Cosa non ti piace nella musica di oggi, cosa ti esalta?

Credo che l’enorme offerta musicale contemporanea sia un elemento contraddittorio. C’è sovrapproduzione di tutto e anche cultura, musica e arte in generale non sfuggono a questo problema, creando alle volte false illusioni di libertà in una società che lascia sempre meno margini reali di manovra, ovvero non mantiene le promesse. Uno degli effetti collaterali è l’omologazione, spesso travestita da eccentricità. E questo è il lato negativo.
Quello positivo è rappresentato dalla stessa esplosione di codici consolidati, la creazione di una babele sonora ed espressiva che probabilmente facciamo ancora fatica a decifrare perché ci troviamo al suo interno.
Trovo particolarmente esaltante quando alla negazione del codice stesso si sostituiscono nuovi linguaggi che non hanno più paura di prendere elementi provenienti dal passato e dal presente per utilizzarli e contaminarli, creando così ibridi sonori corrispondenti alla fase di transizione in cui ci troviamo, dove dal caos alle volte nascono nuove forme d’ordine.

Ultime uscite, dischi di cui sei particolarmente orgoglioso?

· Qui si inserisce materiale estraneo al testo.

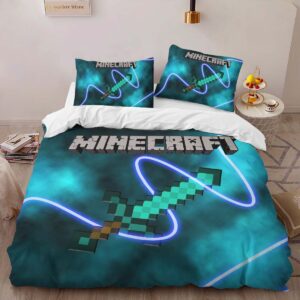 Alternative view of Minecraft Weapon Sword Diamond 1001 Duvet Cover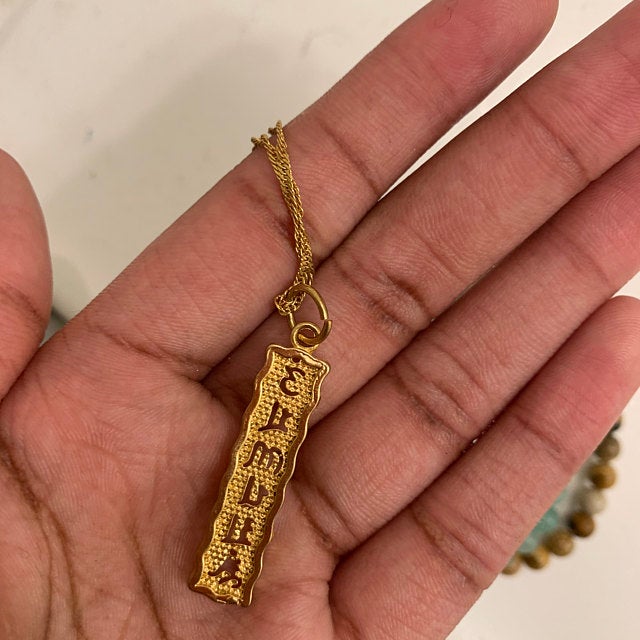 Buddhist Mantra Bar Necklace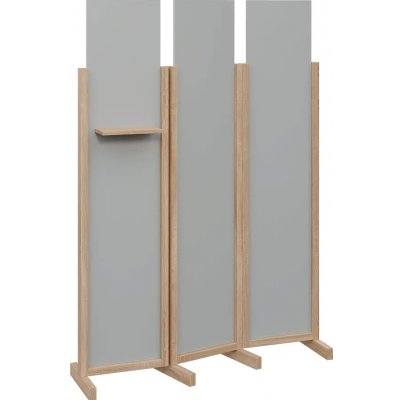 Atmosfere LINE 319 dřevěný 3-dílný paraván mobilní výška 1900 mm rám dub bardolino výplň šedá polička – Sleviste.cz
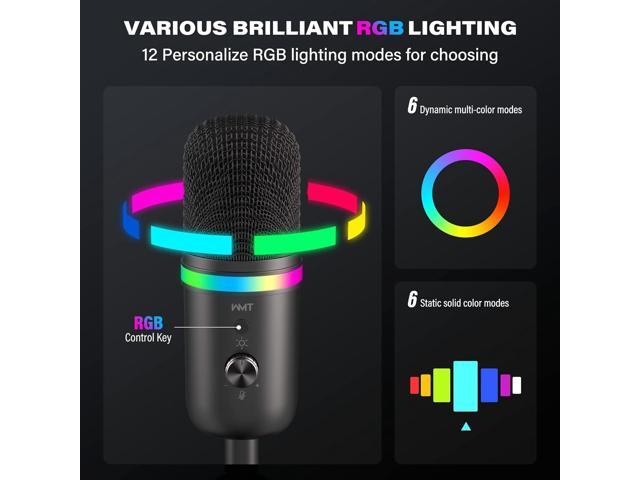 USB Microphone - Condenser Gaming Microphone for PC/MAC/PS4/PS5/Phone- Cardioid Mic with Brilliant RGB Lighting Headphone Output Volume Control,...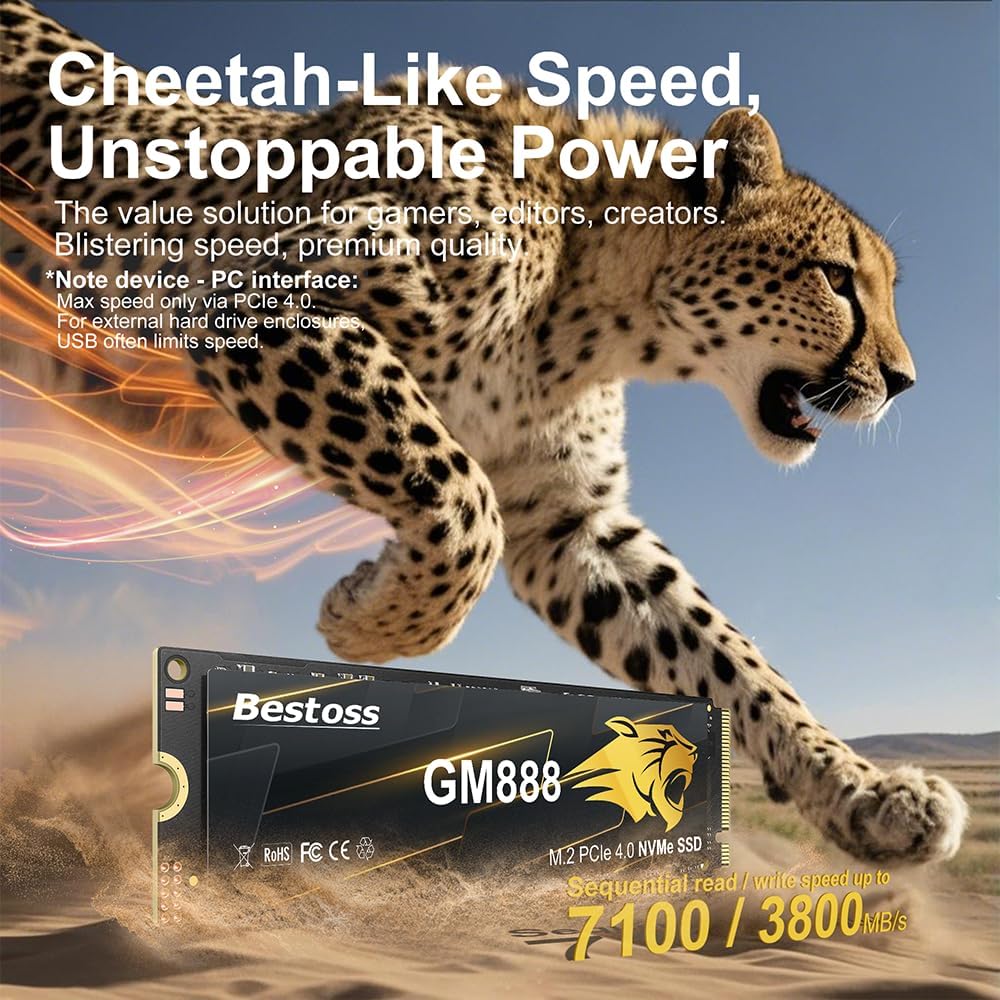 M.2 2280 NVMe PCIe Gen 4 Internal SSD, Up to 7350MB/s, SLC Cache & HMB, Compatible with PS5, PC, and Laptops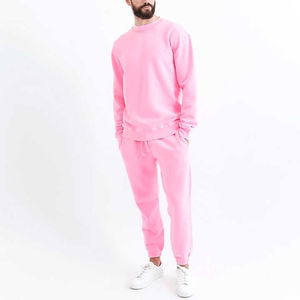 Ensemble de survêtement en molleton décontracté pour homme personnalisable, 100% coton, pull-over, ensemble de survêtement léger, écologique, taille plus, respirant - Product Image 1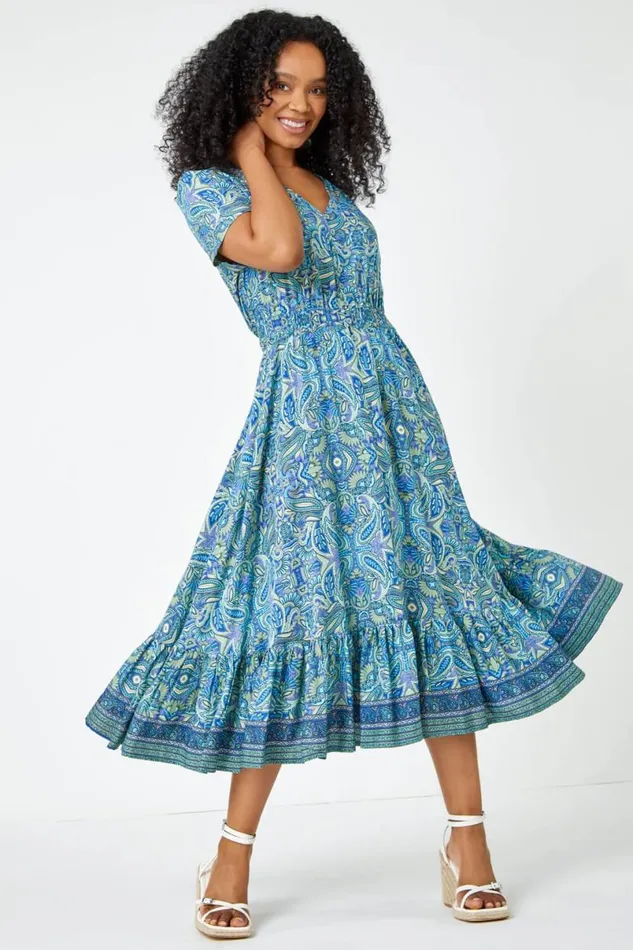 Blue Petite Paisley Print Frill Hem Midi Dress Women Roman Dresses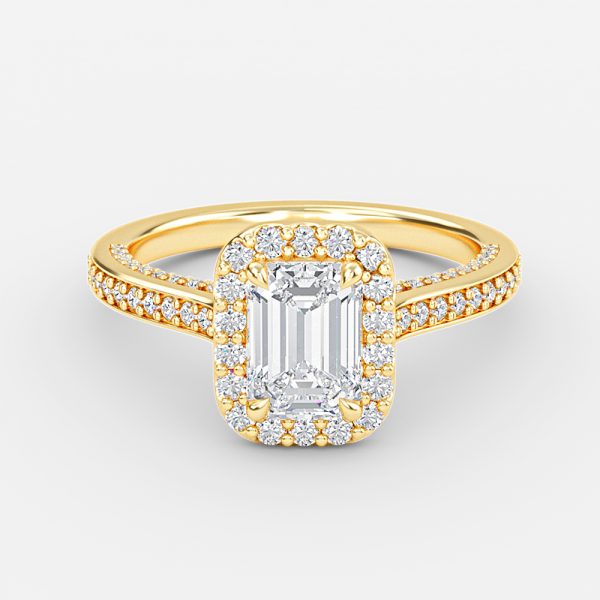 Emerald Halo Engagement Ring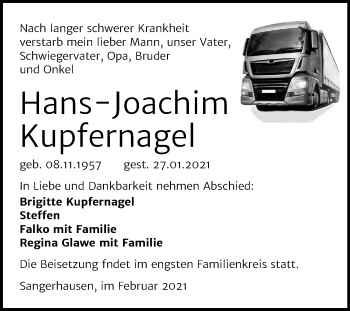 Traueranzeige von Hans-Joachim Kupfernagel von Super Sonntag Sangerhausen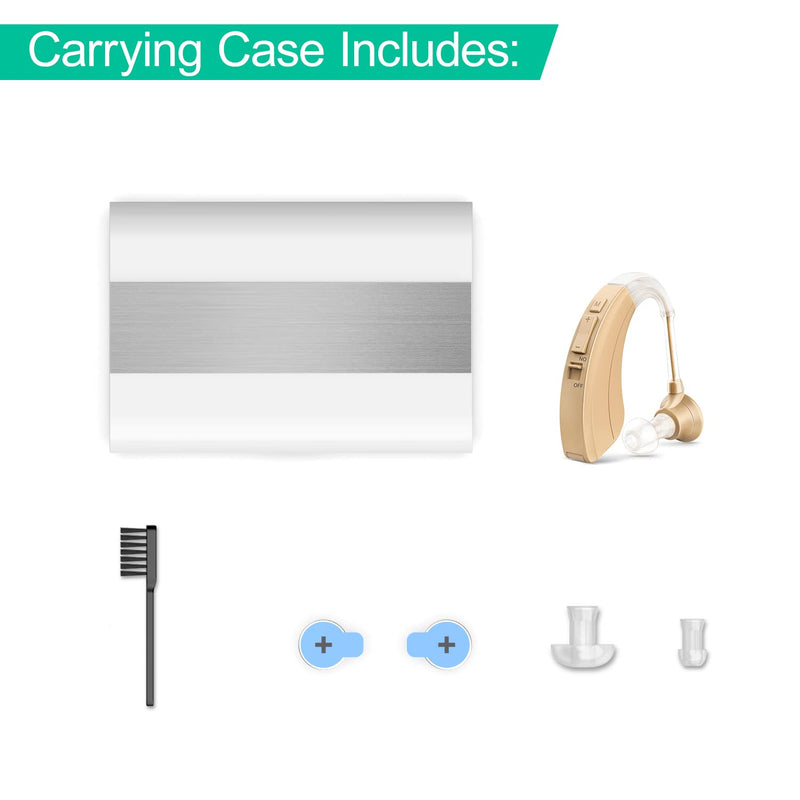 Hearing Aid for Seniors and Adults, Digital Hearing Amplifier with Adjustable Volume and Noise Reduction, 500 Hours Per Battery Life and Hearing Aid Cleaning Brush Included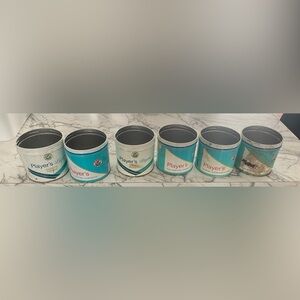 Vintage Tin Can Set - Blue and White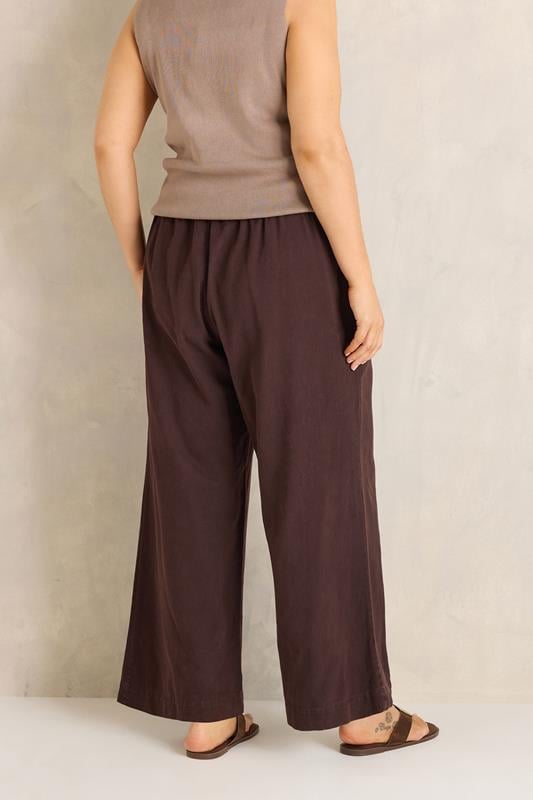 EVANS Plus Size Chocolate Brown Cotton Wide Leg Trouser | Evans 4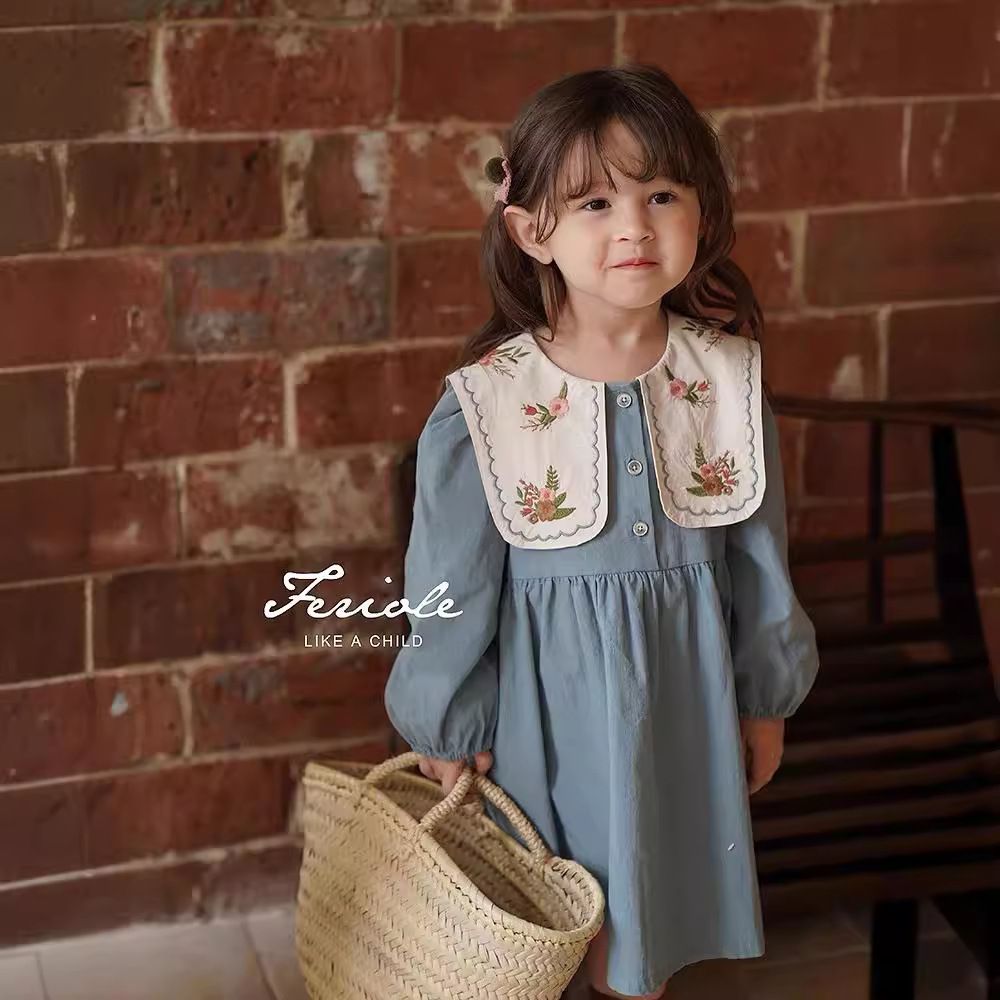 Humor Bear Blue Long Casual Dress Embroidered Kid Clothes Girl Graceful Sleeve Lapel Children Dress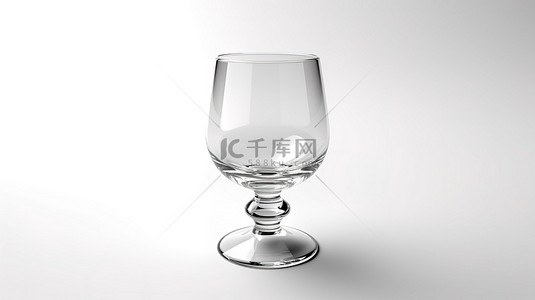 背景玻璃杯背景图片_白色背景 3d 渲染上的透明玻璃空洞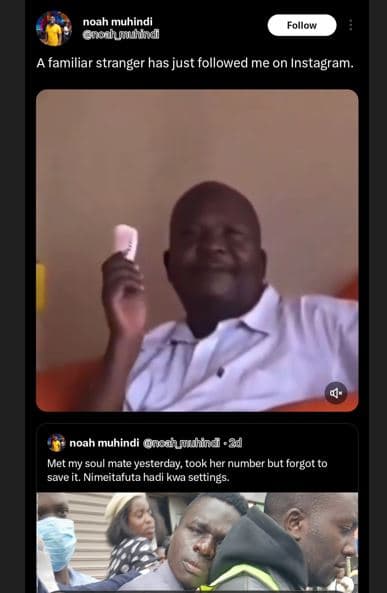 Noah muhindi codumunind follow familiar stranger has just followed me on instagr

Le ultime quattro uscite sono una buona fotografia di cosa è Aut Records. Casino Di Terra con Cosa Potrebbe Accadere rappresenta il mio legame con la scena bolognese, essendo il trio capitanato da un veterano di quella scena come Edoardo Marraffa; il solo Depth Sounding di Simone di Benedetto e Oak dei fratelli Bondesan sono invece frutto dell’attenzione verso tutto ciò che c’è di nuovo nel panorama italiano nell’ambito dell’improvvisazione, che sia legata alla musica contemporanea come nel primo caso o al jazz come nel secondo. Infine Live At Nikodemus Church dell’Hanam Quintet rappresenta invece il legame più continuativo con la scena berlinese, essendo questo il loro terzo disco che esce per noi. Infine, i dischi tra quelli che abbiamo prodotto a cui sono forse più legato sono: il primo disco dei Kongrosian, perché ha dato il via al tutto e poi  Bug Jargal di Luciano Caruso, Giorgio Pacorig e Nello Da Pont. Intorno alla fine degli anni Novanta questa registrazione girava come bootleg nella scena hardcore-punk di Vittorio Veneto, dopo circa una quindicina di anni ho deciso di riprendere questa registrazione e darle una veste ufficiale, con l’artwork del libraio situazionista Walter Dal Cin, la grafica di Sandro Crisafi e le liner notes di Pino Saulo. Un disco spaziale, che viene da lontano e che mi accompagna negli anni.